Tuesday, January 22, 2008
Nothing to hold a Candleford to...
BBC i-player really is a wonder. I don't know if it's available to people outside of the UK, but it is rather ironic that the only channels which benefit from my television licence payment are also the only channels I can watch without having a television.
I have just caught up on Episode 2 of Lark Rise To Candleford. Now, throughout my book buying career there have been two books which have followed me around everywhere. Put down the 'phone, I'm not a shilling short of a pound, let me explain. In nigh on every bookshop or charity shop I go, these books are there. Such is their ubiquity that I have stubbornly refused to either purchase or read the books. Just a natural perverseness (perversion seems such a horrible word) and being-difficult-ness. Those two books are South Riding by Winifred Holtby, and Lark Rise To Candleford by Flora Thompson. I had no idea either had anything of a following, and so was surprised to see the latter on the BBC schedules.
Perhaps they're grabbing anything in sight? As has been noted by a lot of people, including Elaine quite recently, the BBC are doing bucketloads of costume drama, and casting the same half dozen people in all of 'em. If you include the other channels, we've recently had Cranford, Sense and Sensibility, Mansfield Park, Northanger Abbey, Persuasion, Oliver Twist, Old Curiosity Shop, Ballet Shoes and probably a few more I can't remember. I love a costume drama, but perhaps too much of a good thing? Well, perhaps not. If it's done well, there's always room for more - so long as television producers realise a few bonnets and "thee"s thrown hither and thither don't amount to character, writing or plot. Sometimes they make the mistake of believing a period setting will excuse deficiencies in every other part of a production - though usually the vague glimmers of a novel, beneath an adaptation, are enough to save a series.

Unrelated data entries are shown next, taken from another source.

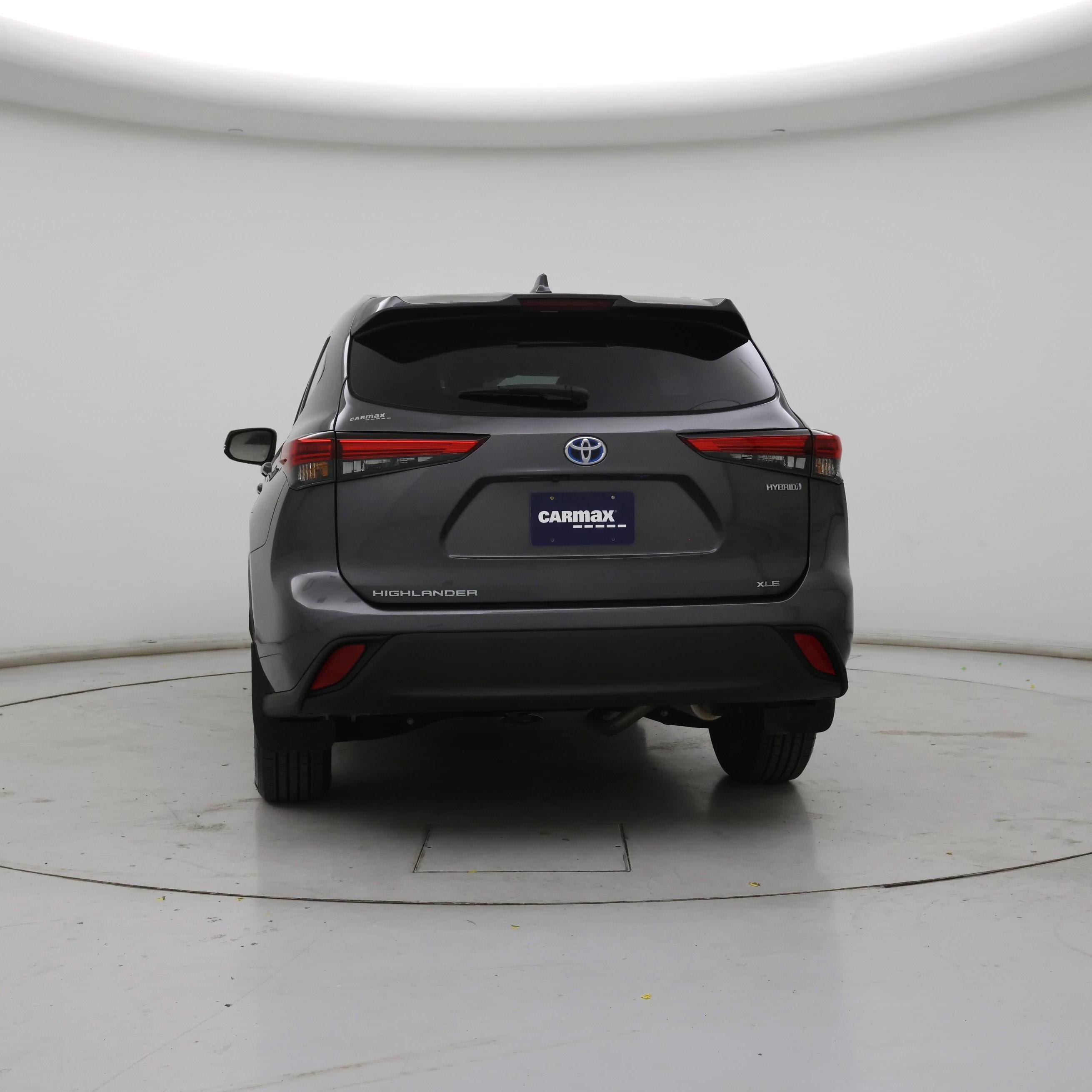 Thumbnail: 2022 Toyota Highlander - 6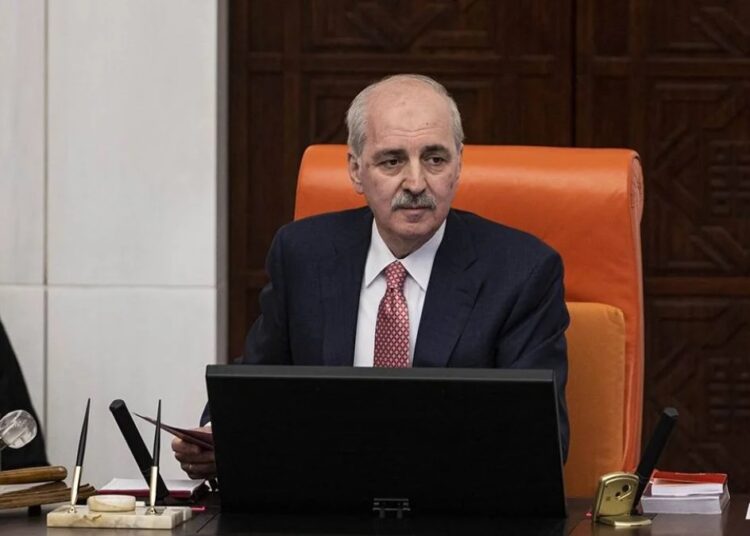 TBMM Başkanlığı için seçim süreci 28 Mayıs'ta başlıyor 1 TBMM Başkanlığı için seçim süreci 28 Mayıs’ta başlıyor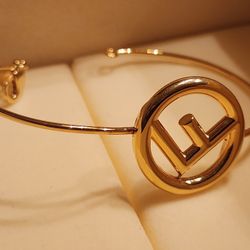Fendi Bracelet for Women -Fendi  Box And Bag Valentines Day Gift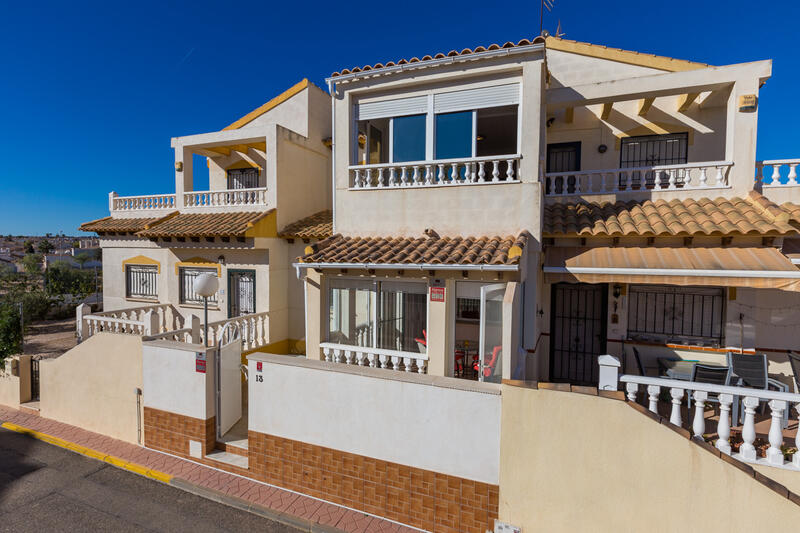 Maison de Ville à vendre dans Los Altos, Alicante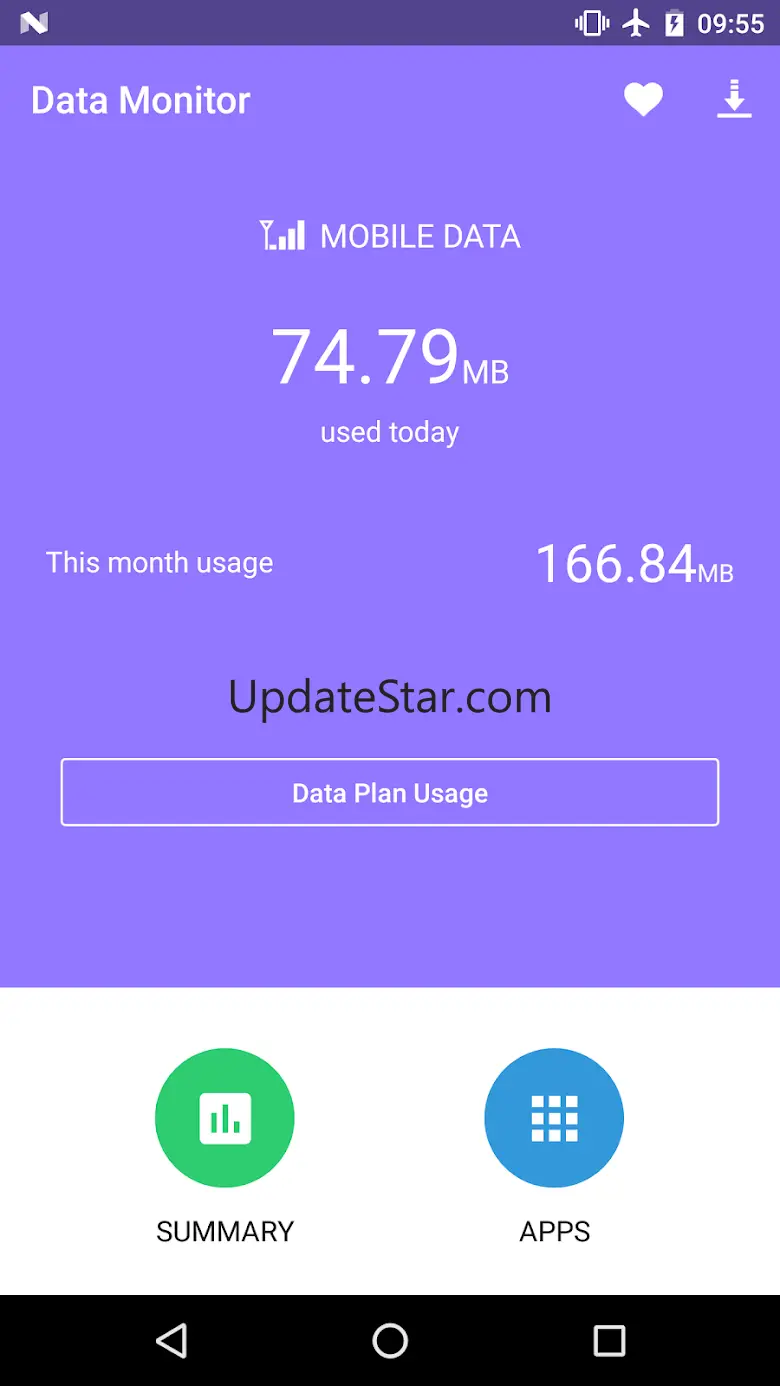 Data Usage Monitor & Manager 2.0.7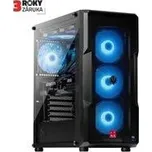 LYNX Challenger Ryzen 7 7800X3D 32GB 2T SSD NVMe RTX 5070 Ti 16G W11 Home (10463147) Česká výroba - 3roky záruky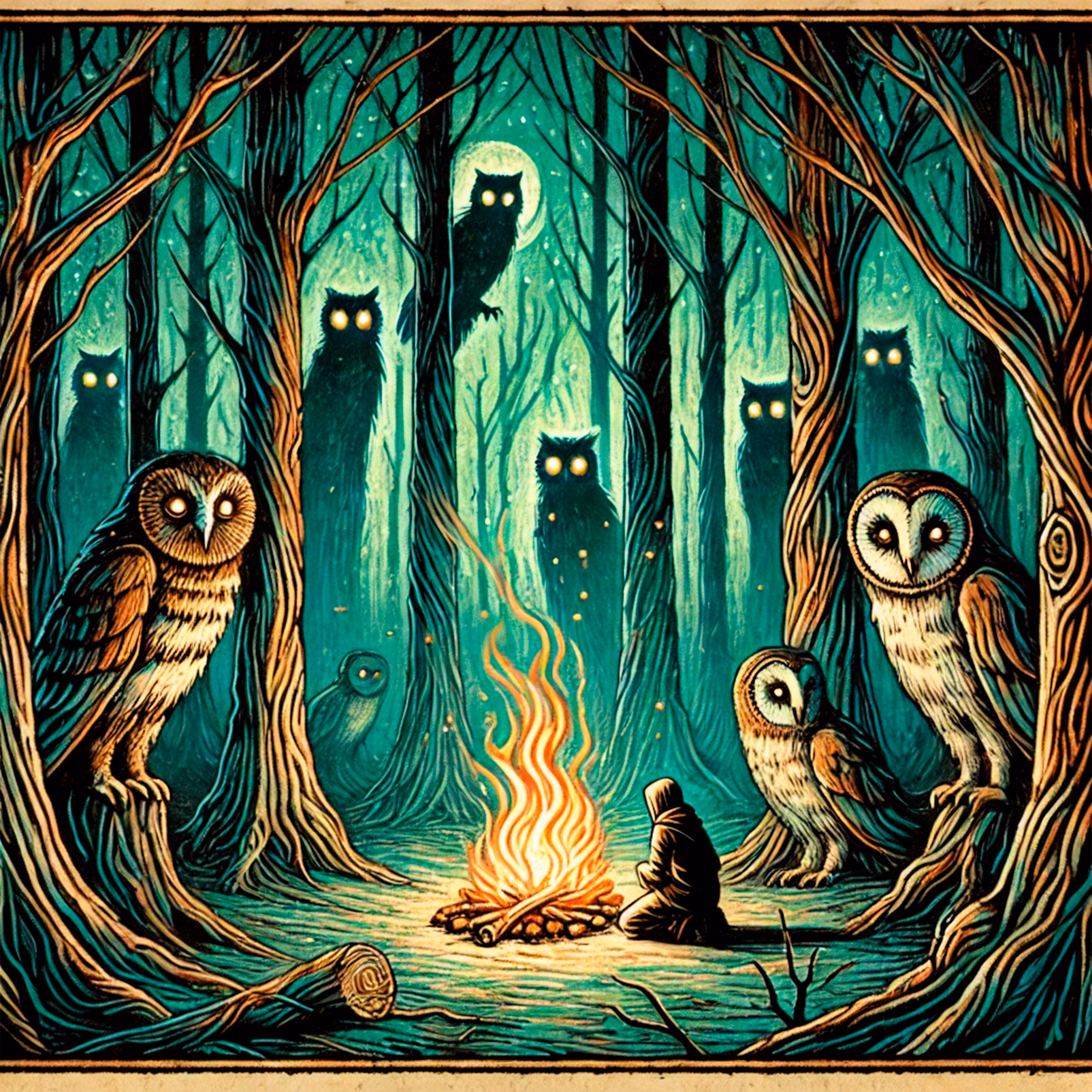The Watchers' Lament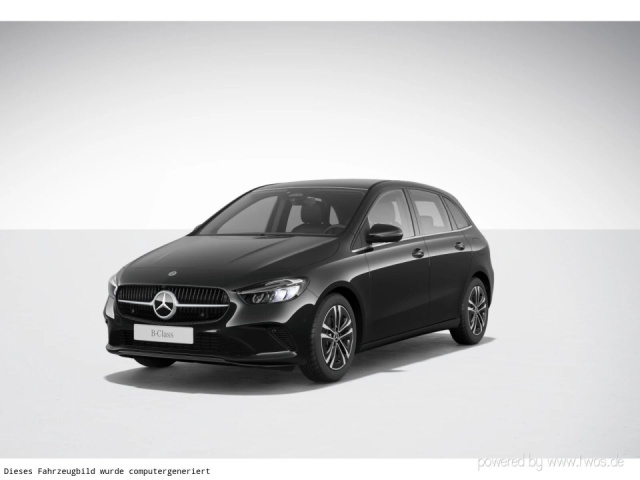 Mercedes-Benz B 220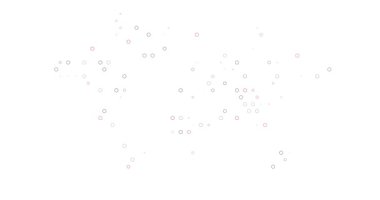 Üretici Sanat Çemberleri Dünya Haritası Oluştur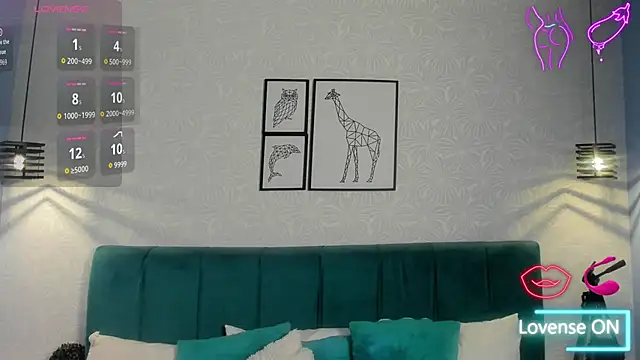 ninna curly online show from 17, 10, 2025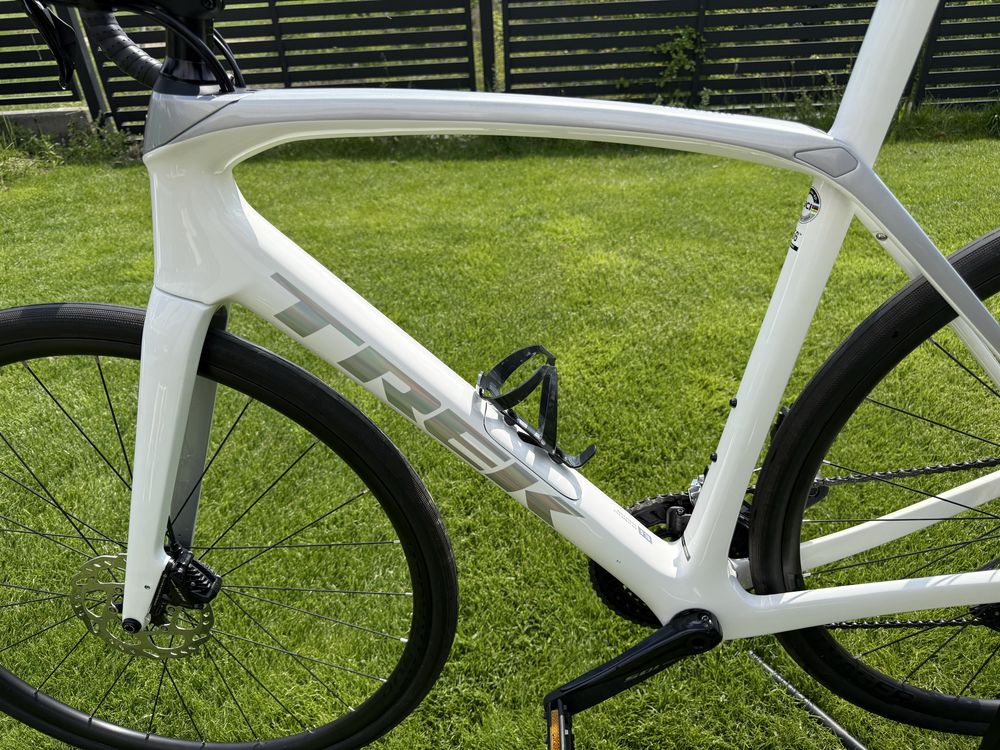 Trek Domane rozmiar 56 - NOWY!! Przebieg 30km!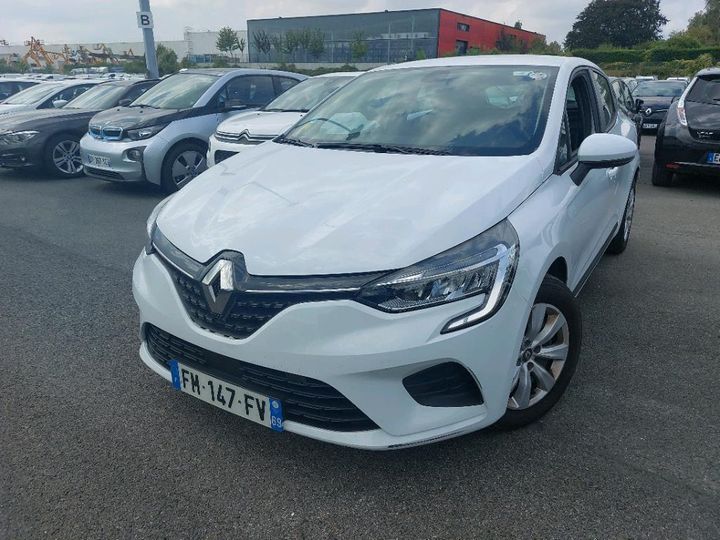 renault clio societe 2019 vf1rja00864035590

Novel writers just seem much better at all aspects of writing than scriptwriters. Which makes me wonder - why do we so rarely get period productions which aren't adaptations? I can't think of any.
Having not read Lark Rise to Candleford I can't judge on how faithful the BBC's version has been thus far, though I would wager not very, since Flora Thompson was writing autobiographically and the events have been pretty far-fetched. I'm firmly in the camp that an adaptation should be as close as possible to the original, and certainly not add or change things, but perhaps exaggeration and extension is the order of the day. Like most BBC costume dramas, it is the combination of background novel and foreground cast which make desirable watching - for Lark Rise To Candleford step forward Julia Sawalha, Linda Bassett, Liz Smith and Dawn French. I wonder if the lovely Julia, whom I first encountered as Lydia Bennett, has ever acted without a bonnet...
Anyway, it's been enjoyable watching, but not ground-breaking - but has pointed me in the direction of the book. Will I succumb the next time I come across it? Maybe. But I certainly shan't buy a TV tie-in edition.
Anyone else been watching this? Or have you had a surfeit of costume drama?